Backtesting Frameworks: Building Your First Trading Strategy

Updated Feb 6, 2026

Why Most Backtests Lie

Run a simple moving average crossover strategy on Apple stock from 2010 to 2020, and you’ll probably see 200%+ returns. Wonderful. Now run it on 2021-2023 data and watch it lose 40%. The problem isn’t the strategy—it’s that you built it to fit the past, not predict the future.

Backtesting frameworks exist to catch this before you lose real money. A good framework forces you to separate in-sample (where you tune parameters) from out-of-sample (where you test if it actually works). It tracks every trade, every commission, every slippage assumption. And if you’re doing it right, it makes you uncomfortable—because seeing your brilliant idea fail on held-out data is supposed to hurt a little.

This part walks through building a complete backtesting system from scratch, then compares it to vectorbt and backtrader. We’ll implement a dual moving average strategy (the simplest thing that could possibly work) and discover why the obvious approach—vectorized operations on the full dataset—produces gorgeous but meaningless results.

Burmese python coiled on a smooth rock surface showcasing its intricate scale patterns. — Photo by Olli on Pexels

The Obvious Approach (That Breaks Everything)

Here’s what everyone tries first.
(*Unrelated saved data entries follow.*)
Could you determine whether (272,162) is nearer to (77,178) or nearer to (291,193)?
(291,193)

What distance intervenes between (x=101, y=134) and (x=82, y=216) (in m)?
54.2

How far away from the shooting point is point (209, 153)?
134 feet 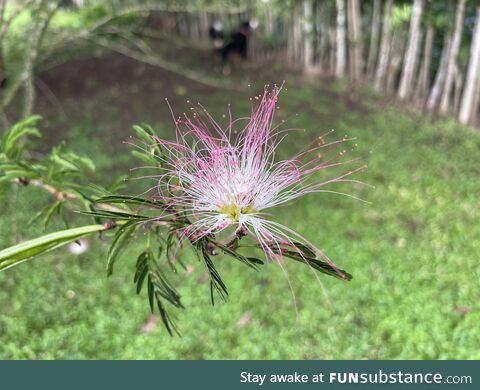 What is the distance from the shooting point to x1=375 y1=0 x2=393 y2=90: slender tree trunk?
4.58 m

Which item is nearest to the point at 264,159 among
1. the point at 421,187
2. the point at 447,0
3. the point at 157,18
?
the point at 421,187

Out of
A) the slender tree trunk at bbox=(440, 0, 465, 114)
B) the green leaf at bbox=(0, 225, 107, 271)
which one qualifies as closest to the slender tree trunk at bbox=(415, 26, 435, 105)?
the slender tree trunk at bbox=(440, 0, 465, 114)

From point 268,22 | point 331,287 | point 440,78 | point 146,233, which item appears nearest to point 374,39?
point 440,78

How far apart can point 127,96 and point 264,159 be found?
4.38 metres

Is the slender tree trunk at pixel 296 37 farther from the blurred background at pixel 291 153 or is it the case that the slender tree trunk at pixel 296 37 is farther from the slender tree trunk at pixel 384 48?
the slender tree trunk at pixel 384 48

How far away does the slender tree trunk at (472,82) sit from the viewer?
4.08 metres

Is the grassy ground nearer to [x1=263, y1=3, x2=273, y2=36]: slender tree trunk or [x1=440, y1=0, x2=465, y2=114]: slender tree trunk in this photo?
[x1=440, y1=0, x2=465, y2=114]: slender tree trunk

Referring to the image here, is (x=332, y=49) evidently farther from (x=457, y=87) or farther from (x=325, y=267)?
(x=325, y=267)

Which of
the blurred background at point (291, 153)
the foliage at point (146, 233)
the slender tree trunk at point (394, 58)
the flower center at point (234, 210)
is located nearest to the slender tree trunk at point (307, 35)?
the blurred background at point (291, 153)

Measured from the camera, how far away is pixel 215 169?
95 centimetres

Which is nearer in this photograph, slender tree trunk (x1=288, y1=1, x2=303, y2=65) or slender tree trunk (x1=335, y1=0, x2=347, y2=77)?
slender tree trunk (x1=335, y1=0, x2=347, y2=77)

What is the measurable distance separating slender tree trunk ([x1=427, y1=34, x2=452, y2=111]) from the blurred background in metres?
0.02

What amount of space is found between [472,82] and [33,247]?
13.6 ft

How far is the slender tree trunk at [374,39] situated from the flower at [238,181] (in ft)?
13.8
You have a DataFrame with OHLCV data from Part 2, you calculate two moving averages, and you trade when they cross:

import pandas as pd
import numpy as np

# Assume df has columns: ['open', 'high', 'low', 'close', 'volume']
df['sma_fast'] = df['close'].rolling(window=20).mean()
df['sma_slow'] = df['close'].rolling(window=50).mean()

# Buy when fast crosses above slow, sell when it crosses below
df['signal'] = 0
df.loc[df['sma_fast'] > df['sma_slow'], 'signal'] = 1
df.loc[df['sma_fast'] <= df['sma_slow'], 'signal'] = -1

# Calculate returns
df['position'] = df['signal'].shift(1)  # Trade next day
df['strategy_return'] = df['position'] * df['close'].pct_change()
df['cumulative_return'] = (1 + df['strategy_return']).cumprod()

print(f"Final return: {df['cumulative_return'].iloc[-1]:.2%}")

This runs in milliseconds. It’s clean, vectorized, leverages pandas. And it’s completely wrong.

Why? Because df['sma_fast'] at row 100 uses data from rows 80-100. When you’re sitting at row 100 in real time, you don’t have access to the final close price for that day until market close. But this code calculates the moving average using that close, then makes a trade decision. You’ve leaked future information into your backtest. The technical term is look-ahead bias, and it’s responsible for approximately 90% of backtests that look amazing in Jupyter but explode in production.

The fix is painful: you need to iterate row-by-row, making decisions based only on data available before that row. And that means giving up vectorization.

Building a Point-in-Time Backtest Engine

Here’s a minimal event-driven backtester that doesn’t cheat:

class SimpleBacktester:
    def __init__(self, initial_capital=100000, commission=0.001):
        self.initial_capital = initial_capital
        self.commission = commission  # 0.1% per trade
        self.reset()

    def reset(self):
        self.cash = self.initial_capital
        self.position = 0  # shares held
        self.equity_curve = []
        self.trades = []

    def run(self, df, strategy_func):
        """Run backtest row-by-row. strategy_func returns 1 (buy), -1 (sell), 0 (hold)"""
        self.reset()

        for i in range(len(df)):
            # Only use data up to (and including) current row
            history = df.iloc[:i+1].copy()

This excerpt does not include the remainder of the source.